Dates? How about 11th July, 25th July or 1st August.  Any preferences or absolute no-can-do's?


----------



## Luci07 (27 June 2015)

Looks good and up for this! All dates are fine for me as well. Thanks for organising this!


----------



## JennBags (27 June 2015)

Can I just be clear here...I'm nowhere near as nice as _GG_ so will most definitely NOT be giving out presents to everyone who comes!  Hmmm maybe we should invite _GG_.... :biggrin3:


----------



## The Fuzzy Furry (27 June 2015)

11th july works best, might be able to swing the other dates tho


----------



## twiggy2 (27 June 2015)

I am up for it depending on dates, work can be last minute so will have to confirm the day before, about and hour and a half from me


----------



## alsxx (28 June 2015)

Unfortunately can't do any of those dates, but will keep an eye on thread and arrangements incase anything does change at this end!


----------



## millikins (28 June 2015)

11th July ok, 25th definitely not, 1st Aug I think is ok.


----------



## Sags_Deer (28 June 2015)

I can't do Saturday's but have fun everyone


----------



## Barlow (29 June 2015)

11th July is good for me, can't do the other two dates


----------



## JennBags (29 June 2015)

OK so let's set 11th July as a definite date, otherwise we'll never do it!  Is the Limeburners ok with everyone?
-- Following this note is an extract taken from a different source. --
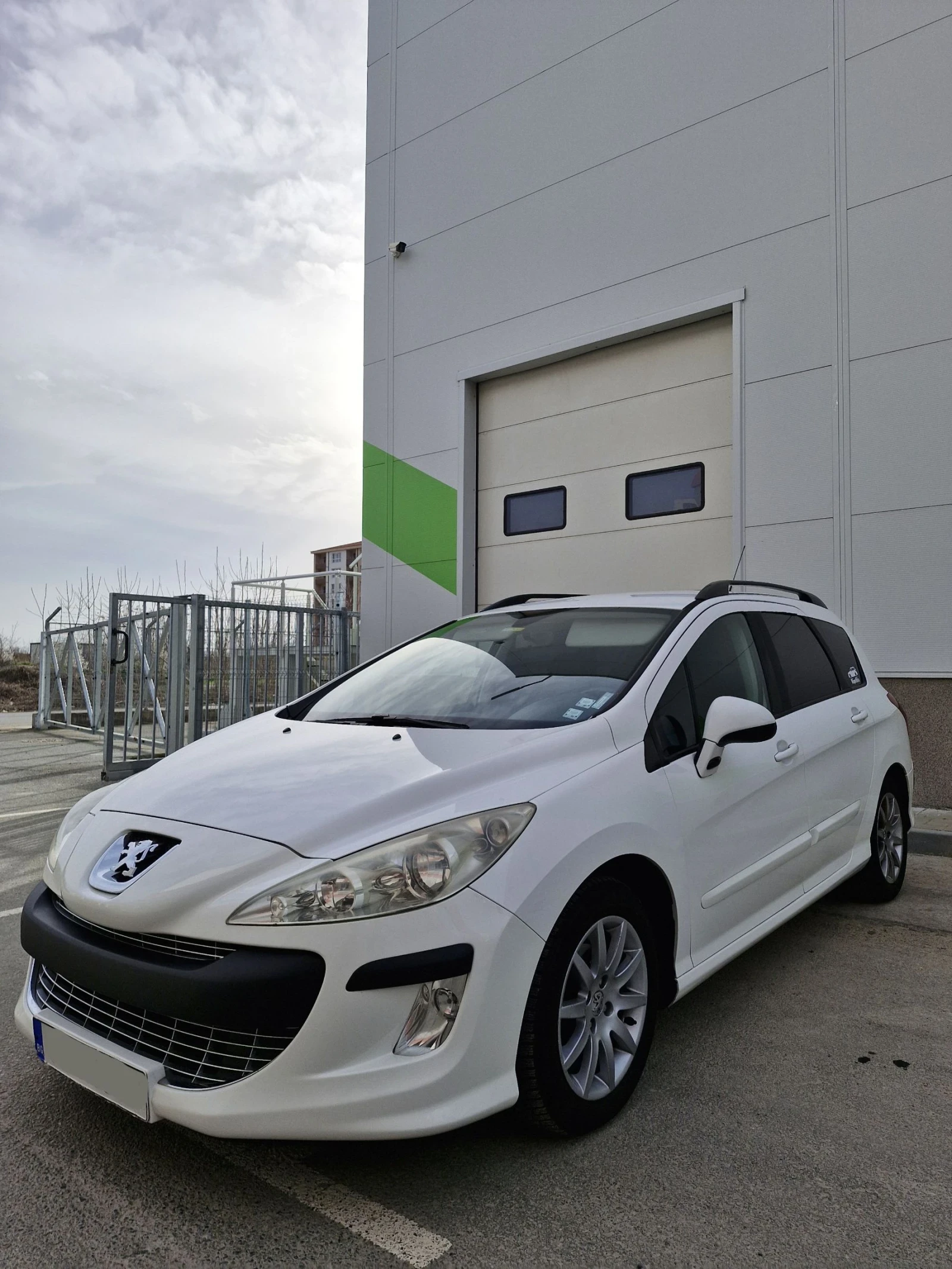 Peugeot 308 1.6 HDi - изображение 2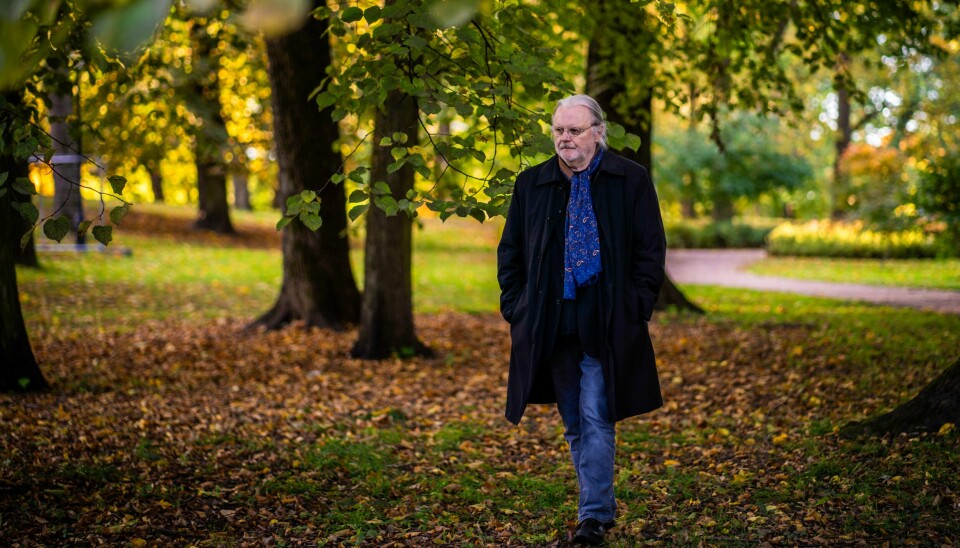 Forfatter Jon Fosse fotografert utenfor Grotten i Oslo der han bor. Forfatteren og dramatikeren er tildelt nobelprisen i litteratur. Jon Fosse liker det kanskje ikke, men han skal delta på nobelbanketten i Stockholm søndag kveld. Foto: Ole Berg-Rusten / NTB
Please can you PM me if you're coming and we can exchange mobile numbers (in case of problems), and I'll book a table for us for lunch, shall we say 12:30 for 1:00?


----------



## ILuvCowparsely (29 June 2015)

Sorry to far for me 1 1/2 hrs and doing something that weekend count me out but have fun gals


----------



## ILuvCowparsely (29 June 2015)

HGA-12 said:



			Sorry to far for me 1 1/2 hrs and doing something that weekend count me out but have fun gals
		
Click to expand...

why not put a pole up with various dates for peeps to click which is best??


----------



## The Fuzzy Furry (29 June 2015)

JennBags said:



			OK so let's set 11th July as a definite date, otherwise we'll never do it!  Is the Limeburners ok with everyone?
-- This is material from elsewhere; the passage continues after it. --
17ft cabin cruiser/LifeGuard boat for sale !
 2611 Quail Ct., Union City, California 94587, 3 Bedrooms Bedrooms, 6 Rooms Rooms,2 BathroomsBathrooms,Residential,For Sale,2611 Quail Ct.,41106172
Please can you PM me if you're coming and we can exchange mobile numbers (in case of problems), and I'll book a table for us for lunch, shall we say 12:30 for 1:00?
		
Click to expand...

Its now in my diary, will be there 
Will pm you my number


----------



## twiggy2 (29 June 2015)

I am working but hope to see you at the next one-have fun


----------



## Scarlett (30 June 2015)

Cant do 11th but will keep an eye out for another one...


----------



## xxISHxx (30 June 2015)

The 11th is a maybe from me, depends if I'm working or not. I should know by next week


----------



## JennBags (8 July 2015)

xxISHxx said:



			The 11th is a maybe from me, depends if I'm working or not. I should know by next week
		
Click to expand...

Do you know if you're working or not ISH?
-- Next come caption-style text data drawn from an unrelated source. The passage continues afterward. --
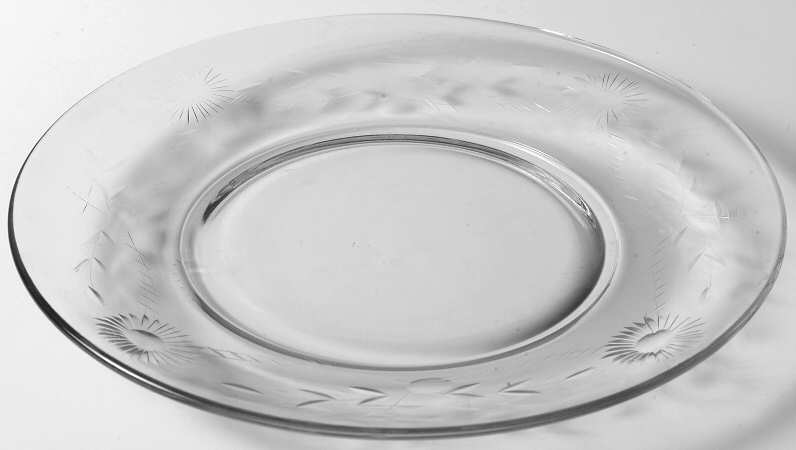 Lady Ruby Luncheon Plate by Glastonbury - Lotus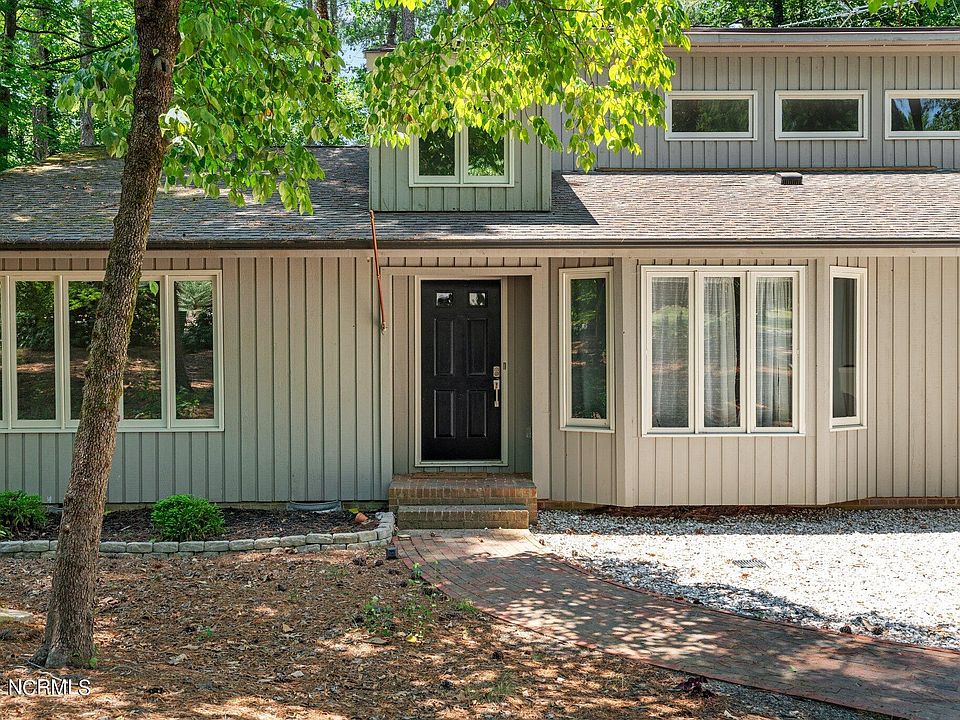 1st image of 618 Chelsea Dr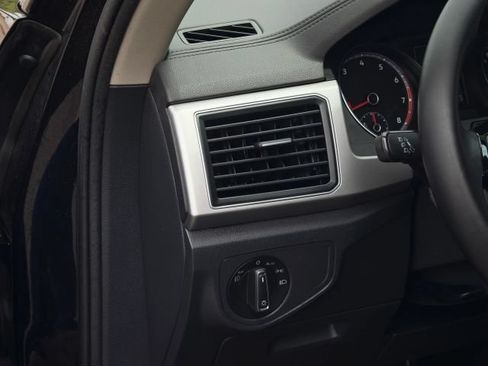 Used 2019 Volkswagen Atlas SE AWD/4WD image 19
It's still on although will be very quiet (in terms of numbers if not volume :wink3: ) so last minute call for any other attendees


----------



## The Fuzzy Furry (8 July 2015)

Oy, to whom are you insinuating about volume??


----------



## xxISHxx (8 July 2015)

Sorry I've been meaning to get online all day, unfortunately I've got to work as we have a load of people off sick. Do you think another one will be arrange?


----------



## JennBags (8 July 2015)

The Fuzzy Furry said:



			Oy, to whom are you insinuating about volume?? 

Click to expand...

*whistles innocently*

Well TFF, if the cap fits... :wink3: :biggrin3:


----------



## Garnet (9 July 2015)

Oh, I have only just seen this and I would love to come, but it is our village fete that afternoon and I am involved with that, so I can't make it this time.
However, if you re-schedule for any reason, I can do 25th July but not 1st August. I'll keep a closer eye on this forum in future . . .


----------



## Sameru (10 July 2015)

I work on Saturdays too  evening would be better for me x


----------



## millikins (10 July 2015)

I pm'd you. Was hoping to come but unexpectedly pony on loan is coming home tomorrow


----------